Arco - Klettern im November
Sonniger November
Klettern in Arco und im Sarcatal
Am 11.11.2011 machten wir uns mit einer kleinen Gruppe auf den Weg in’s sonnige Arco unweit des Gardasees. Wir hatten Traumwetter in den folgenden 6 Tagen und so gestalteten sich unsere verschiedenen Unternehmungen sehr Abwechslungsreich.
Am ersten Tag ging es in ein relativ neues Sportklettergebiet im Val di Ledro. Unser Interesse lag auf den zwar recht kurzen aber sehr schönen Mehrseillängen des Gebiets. Der Fels war an keiner Stelle speckig und wir kletterten einige sehr schöne Linien.
Sportklettern ging es auch an einem weiteren Tag. Das südseitig ausgerichtete Klettergebiet von „Crosano“ in den Bergen bei Rovereto versprach Sonne pur und besten Kalk. Hauptsächlich wurden von uns die Routen im 6. Franzosengrad begangen, wobei die Routen „Il poeta e il contadino“ 6b und „Rust never sleeps“ 6b+ als extrem schön zu bezeichnen sind! Und „must try“ wenn man in dieses wirklich schöne Gebiet fährt. Ebenfalls eine sehr schöne Route „La Vacca Volante“ 7a mit tollen Zügen in hervorragendem Kalk.
Ein paar längere Routen hatten wir auch klettern wollen, aber da es im November früh dunkel wird und die Sonne schon gegen 13 Uhr aus den Ostwänden verschwindet, war die Routenauswahl ein wenig eingeschränkt. Wir entschieden uns, am Colodri die „Cinque Stagioni“ mit 7 Seillängen (SL) zu klettern mit maximaler Schwierigkeit 5c in den letzten beiden SL. Die „Spigolo Sud“ startet direkt am Ausstieg der Route und so wollten wir deren 3 SL noch hinten anhängen. Die Tour gestaltete sich abwechslungsreich und schlängelte sich elegant durch die kompakten Wandteile.
Doch die Überraschung kam am Ende, die erste 5c-Länge nämlich allesandere als 5c, es war eine 6c, zumindest wenn man sie frei kletterte. Der freie Durchstieg gelang mir zwar, aber nicht ganz ohne Zittern, da die Crux leider sehr abgespeckt war.
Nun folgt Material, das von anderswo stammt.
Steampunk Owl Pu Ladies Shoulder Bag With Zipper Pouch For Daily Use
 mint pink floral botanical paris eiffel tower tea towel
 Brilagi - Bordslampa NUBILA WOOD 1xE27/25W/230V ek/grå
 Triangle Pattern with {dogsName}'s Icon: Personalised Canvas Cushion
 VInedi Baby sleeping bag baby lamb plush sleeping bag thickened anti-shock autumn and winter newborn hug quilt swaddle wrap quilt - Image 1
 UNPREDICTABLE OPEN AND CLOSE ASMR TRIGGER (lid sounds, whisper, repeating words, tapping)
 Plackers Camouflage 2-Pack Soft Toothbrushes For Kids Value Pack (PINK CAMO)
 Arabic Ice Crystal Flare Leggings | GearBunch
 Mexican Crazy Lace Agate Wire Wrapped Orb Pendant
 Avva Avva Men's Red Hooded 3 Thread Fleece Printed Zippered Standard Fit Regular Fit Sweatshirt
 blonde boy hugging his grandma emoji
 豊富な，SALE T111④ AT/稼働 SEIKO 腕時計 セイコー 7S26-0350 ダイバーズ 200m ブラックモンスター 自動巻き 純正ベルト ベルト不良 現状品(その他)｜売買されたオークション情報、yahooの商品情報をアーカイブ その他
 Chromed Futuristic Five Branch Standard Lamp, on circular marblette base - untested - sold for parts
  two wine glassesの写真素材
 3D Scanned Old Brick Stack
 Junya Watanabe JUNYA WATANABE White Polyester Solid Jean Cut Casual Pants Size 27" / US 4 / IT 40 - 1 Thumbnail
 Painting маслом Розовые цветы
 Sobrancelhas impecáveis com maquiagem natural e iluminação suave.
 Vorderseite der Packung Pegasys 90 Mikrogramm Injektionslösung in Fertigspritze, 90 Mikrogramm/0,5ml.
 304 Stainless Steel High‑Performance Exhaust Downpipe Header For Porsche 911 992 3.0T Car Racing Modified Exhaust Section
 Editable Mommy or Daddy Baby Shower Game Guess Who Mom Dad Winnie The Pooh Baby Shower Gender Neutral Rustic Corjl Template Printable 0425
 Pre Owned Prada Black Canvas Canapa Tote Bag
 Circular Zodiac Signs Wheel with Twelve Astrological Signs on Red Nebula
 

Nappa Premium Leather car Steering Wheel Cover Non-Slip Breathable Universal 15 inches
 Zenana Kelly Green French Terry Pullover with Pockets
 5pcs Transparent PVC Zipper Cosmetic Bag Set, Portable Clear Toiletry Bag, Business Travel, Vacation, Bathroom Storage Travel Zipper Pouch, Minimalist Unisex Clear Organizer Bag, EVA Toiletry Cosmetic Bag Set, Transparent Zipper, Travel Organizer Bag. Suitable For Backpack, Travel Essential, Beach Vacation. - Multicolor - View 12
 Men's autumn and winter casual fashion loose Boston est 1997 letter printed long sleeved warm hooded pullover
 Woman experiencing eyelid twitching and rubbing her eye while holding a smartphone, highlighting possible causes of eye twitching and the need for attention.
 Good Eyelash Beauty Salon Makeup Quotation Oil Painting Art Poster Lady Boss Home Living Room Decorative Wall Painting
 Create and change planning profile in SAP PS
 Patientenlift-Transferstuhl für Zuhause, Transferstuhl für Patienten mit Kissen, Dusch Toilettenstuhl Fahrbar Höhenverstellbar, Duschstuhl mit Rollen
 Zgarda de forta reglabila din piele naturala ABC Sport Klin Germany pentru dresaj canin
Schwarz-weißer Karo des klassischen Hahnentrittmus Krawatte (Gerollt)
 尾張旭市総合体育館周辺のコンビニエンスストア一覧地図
Man musste eine sehr kleine Tasche mit der rechten Hand halten, während man den linken Fuß auf winzige sehr abgespeckte Kalknasen stellen musste um mit der linken Hand in eine große Untergriffschuppe zu greifen. Wenn man wollte, konnte man die Schwierigkeit auf ca. 6a runter nullen, dank eines gut platzierten Hakens.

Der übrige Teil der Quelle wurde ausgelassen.